I also spent part of the day painting over the rather lurid crimson the former tenant in this apartment had painted the largest room. In combination with the grey industrial carpet and the dark wood trim it managed to look both overly suggestive and wildly inappropriate (and sloppy too). Right now the walls are white. I plan to paint a mural on them. Since I no longer have a garden or a view of mountains and trees, that is what I shall stencil, print and paint- all with a rather Bloomsbury/Bawden/me twist. I'll keep you posted.
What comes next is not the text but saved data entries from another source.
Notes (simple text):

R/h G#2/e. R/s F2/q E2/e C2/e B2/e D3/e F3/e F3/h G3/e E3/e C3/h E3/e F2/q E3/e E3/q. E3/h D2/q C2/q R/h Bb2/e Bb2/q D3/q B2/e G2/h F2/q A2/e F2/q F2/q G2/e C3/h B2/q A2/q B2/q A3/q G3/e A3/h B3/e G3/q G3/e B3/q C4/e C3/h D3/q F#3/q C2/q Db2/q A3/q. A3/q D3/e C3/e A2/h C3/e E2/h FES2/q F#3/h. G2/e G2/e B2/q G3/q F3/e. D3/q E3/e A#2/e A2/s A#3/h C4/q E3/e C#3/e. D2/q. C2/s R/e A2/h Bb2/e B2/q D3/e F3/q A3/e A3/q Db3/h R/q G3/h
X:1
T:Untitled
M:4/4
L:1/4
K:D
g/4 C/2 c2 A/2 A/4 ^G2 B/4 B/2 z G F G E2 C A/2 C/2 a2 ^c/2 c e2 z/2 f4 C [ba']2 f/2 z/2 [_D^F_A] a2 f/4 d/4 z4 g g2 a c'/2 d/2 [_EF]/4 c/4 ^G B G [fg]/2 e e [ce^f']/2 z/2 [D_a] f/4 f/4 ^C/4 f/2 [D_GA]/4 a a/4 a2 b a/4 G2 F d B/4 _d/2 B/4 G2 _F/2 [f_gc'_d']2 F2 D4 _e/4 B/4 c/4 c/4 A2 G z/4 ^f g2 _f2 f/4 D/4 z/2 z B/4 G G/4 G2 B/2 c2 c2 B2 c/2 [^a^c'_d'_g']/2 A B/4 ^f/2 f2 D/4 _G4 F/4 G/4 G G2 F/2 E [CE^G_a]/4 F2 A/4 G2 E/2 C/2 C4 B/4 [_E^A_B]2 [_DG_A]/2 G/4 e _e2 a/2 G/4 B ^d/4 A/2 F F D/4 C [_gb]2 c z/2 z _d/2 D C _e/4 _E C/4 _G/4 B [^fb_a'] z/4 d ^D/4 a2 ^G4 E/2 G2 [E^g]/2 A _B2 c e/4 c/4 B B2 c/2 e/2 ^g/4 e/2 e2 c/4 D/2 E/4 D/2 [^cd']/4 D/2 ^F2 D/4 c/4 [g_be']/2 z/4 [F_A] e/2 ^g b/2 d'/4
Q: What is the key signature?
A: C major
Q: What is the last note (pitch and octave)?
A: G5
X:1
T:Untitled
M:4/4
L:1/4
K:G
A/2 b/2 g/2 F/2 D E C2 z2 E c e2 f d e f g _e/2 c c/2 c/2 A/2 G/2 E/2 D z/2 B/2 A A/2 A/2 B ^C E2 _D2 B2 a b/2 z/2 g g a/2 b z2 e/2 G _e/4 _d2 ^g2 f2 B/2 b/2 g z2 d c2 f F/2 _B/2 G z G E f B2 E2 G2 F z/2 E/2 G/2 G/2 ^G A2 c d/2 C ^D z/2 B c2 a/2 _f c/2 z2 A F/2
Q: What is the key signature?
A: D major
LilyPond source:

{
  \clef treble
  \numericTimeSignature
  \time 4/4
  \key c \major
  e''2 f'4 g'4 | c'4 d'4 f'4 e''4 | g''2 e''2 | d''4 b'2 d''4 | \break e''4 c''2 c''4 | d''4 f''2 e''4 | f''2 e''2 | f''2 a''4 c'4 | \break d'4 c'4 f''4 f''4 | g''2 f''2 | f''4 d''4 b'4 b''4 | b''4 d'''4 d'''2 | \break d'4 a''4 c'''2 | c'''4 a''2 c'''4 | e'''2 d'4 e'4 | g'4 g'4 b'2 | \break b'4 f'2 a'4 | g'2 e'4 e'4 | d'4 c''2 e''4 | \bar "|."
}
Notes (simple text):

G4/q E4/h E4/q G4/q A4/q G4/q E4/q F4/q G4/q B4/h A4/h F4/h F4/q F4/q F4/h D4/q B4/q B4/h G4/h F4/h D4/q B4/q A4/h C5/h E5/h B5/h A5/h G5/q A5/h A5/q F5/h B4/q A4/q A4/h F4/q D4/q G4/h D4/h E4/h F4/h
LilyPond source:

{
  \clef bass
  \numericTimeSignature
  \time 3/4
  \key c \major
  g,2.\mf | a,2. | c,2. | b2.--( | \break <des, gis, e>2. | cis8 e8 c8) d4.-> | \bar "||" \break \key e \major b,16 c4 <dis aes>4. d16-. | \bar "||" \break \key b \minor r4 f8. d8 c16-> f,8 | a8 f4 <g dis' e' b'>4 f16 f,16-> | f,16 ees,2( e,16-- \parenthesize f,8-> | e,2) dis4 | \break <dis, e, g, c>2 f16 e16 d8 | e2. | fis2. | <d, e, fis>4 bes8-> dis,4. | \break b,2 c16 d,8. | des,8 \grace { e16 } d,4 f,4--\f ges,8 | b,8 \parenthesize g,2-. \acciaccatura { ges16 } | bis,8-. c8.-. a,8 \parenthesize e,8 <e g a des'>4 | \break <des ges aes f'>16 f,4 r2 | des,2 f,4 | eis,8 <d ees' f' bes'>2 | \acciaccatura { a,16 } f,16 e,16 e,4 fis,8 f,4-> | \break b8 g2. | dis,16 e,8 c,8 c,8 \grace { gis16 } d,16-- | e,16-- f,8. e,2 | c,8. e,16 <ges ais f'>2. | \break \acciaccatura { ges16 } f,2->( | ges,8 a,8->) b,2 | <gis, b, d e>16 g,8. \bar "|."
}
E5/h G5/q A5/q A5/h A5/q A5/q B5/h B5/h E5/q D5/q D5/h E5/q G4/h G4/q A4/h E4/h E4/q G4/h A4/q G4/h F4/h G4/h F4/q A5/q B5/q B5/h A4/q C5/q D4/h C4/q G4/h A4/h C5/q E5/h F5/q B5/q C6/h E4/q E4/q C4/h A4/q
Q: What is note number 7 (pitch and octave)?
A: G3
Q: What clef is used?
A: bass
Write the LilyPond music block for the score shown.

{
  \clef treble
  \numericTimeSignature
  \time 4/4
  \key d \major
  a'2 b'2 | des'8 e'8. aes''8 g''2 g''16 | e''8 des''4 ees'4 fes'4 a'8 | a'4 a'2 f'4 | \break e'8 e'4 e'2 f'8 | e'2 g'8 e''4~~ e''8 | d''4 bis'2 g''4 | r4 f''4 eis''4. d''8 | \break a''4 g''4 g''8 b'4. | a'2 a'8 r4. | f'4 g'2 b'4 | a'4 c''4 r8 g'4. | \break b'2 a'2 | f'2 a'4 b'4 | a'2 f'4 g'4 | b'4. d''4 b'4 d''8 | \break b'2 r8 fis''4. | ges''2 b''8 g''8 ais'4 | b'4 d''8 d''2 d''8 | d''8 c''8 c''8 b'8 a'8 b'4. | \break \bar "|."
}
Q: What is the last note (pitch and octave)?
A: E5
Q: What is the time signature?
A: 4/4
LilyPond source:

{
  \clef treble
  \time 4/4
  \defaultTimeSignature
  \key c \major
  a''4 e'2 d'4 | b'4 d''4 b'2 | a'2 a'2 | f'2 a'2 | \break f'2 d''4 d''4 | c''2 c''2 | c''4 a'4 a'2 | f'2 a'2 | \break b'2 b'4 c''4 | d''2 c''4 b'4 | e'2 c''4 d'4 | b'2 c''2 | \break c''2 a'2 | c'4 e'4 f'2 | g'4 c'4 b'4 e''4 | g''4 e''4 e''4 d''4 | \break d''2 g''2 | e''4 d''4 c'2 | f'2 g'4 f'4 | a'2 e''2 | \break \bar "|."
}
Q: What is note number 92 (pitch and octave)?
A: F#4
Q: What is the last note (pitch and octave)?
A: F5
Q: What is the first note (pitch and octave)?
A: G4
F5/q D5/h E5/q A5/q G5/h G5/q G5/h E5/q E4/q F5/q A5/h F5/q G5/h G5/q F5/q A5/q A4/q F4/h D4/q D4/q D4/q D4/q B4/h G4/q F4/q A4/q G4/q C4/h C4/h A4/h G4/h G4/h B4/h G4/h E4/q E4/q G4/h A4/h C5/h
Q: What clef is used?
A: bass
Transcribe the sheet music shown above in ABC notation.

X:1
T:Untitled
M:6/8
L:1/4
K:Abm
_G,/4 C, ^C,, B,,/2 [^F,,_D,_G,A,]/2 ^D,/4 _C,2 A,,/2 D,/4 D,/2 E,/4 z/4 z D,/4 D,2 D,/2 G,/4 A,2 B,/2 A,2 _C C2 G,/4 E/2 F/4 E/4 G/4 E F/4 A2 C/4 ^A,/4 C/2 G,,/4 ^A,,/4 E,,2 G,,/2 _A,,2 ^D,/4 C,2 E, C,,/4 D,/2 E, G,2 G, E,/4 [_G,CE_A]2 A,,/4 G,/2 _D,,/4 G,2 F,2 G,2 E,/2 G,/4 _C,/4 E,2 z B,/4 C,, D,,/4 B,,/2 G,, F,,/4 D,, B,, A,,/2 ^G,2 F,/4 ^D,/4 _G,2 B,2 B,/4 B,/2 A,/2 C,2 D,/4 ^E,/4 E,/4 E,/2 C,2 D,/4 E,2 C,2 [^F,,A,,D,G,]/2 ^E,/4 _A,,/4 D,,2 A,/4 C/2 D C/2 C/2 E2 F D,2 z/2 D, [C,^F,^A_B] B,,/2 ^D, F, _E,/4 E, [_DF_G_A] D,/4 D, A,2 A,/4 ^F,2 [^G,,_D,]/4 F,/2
Well, back to my other work that is giving me reproachful looks from the worktable...

Saturday, March 21, 2009

Surprisingly Un-Difficult

This evening I got together with an acquaintance who has a high-end salvage company and who does auctions every once in a while. The business also happens to be next door to where I live now. We met up at my storage unit and he took much of the remaining furniture on consignment for the next auction. I got to the unit early to finally go through some boxes and sort the contents, a task that should have been done before they were stored but time was of the essence.
The sheep and the goats have been separated, one group of reorganized boxes stays with me, the other goes on to ... well, I don't know where yet but I hope not to the dump. As to which are the sheep and which are the goats? Does it matter?
I did take a few moments to listen to the spring peepers and I felt a sharp stab of nostalgia. I used to cherish those first songs of spring and where I am now is far away from such delight.
But beyond that, I was surprised at how unemotional I was at the decision to let go of the furniture. Pieces that had been part of my former home. I feared that I might be pushing myself into a slough of despond but I was clear headed and optimistic. And for that I am very very grateful.
Who knows what my future will be? Is there a home again in the country for me? A cozy fireplace? Spring peepers? A garden? I don't know and for today, where I am and what I have is enough.

Sunday, March 15, 2009

More Birds of Ulster County

I am in the position to not have time to do my art work, my "A"job, because my "B" jobs are piling up and filling my time. I truly am grateful for the income and realize I need to adjust the way I apportion my time away from these jobs- if I do not do my art, the internal pressure builds to a point where it becomes almost intolerable. I used to make detailed plans for my days and I see the necessity for doing so again. Ah well, for the while its either (relative)feast or famine... when I am not earning, I do not have the desire to create. Still trying to make it to that sweetest place where my creative work is bringing in the income and the income is taking the pressure off of me so that I feel secure and free to create. A bricoleur can dream can't she?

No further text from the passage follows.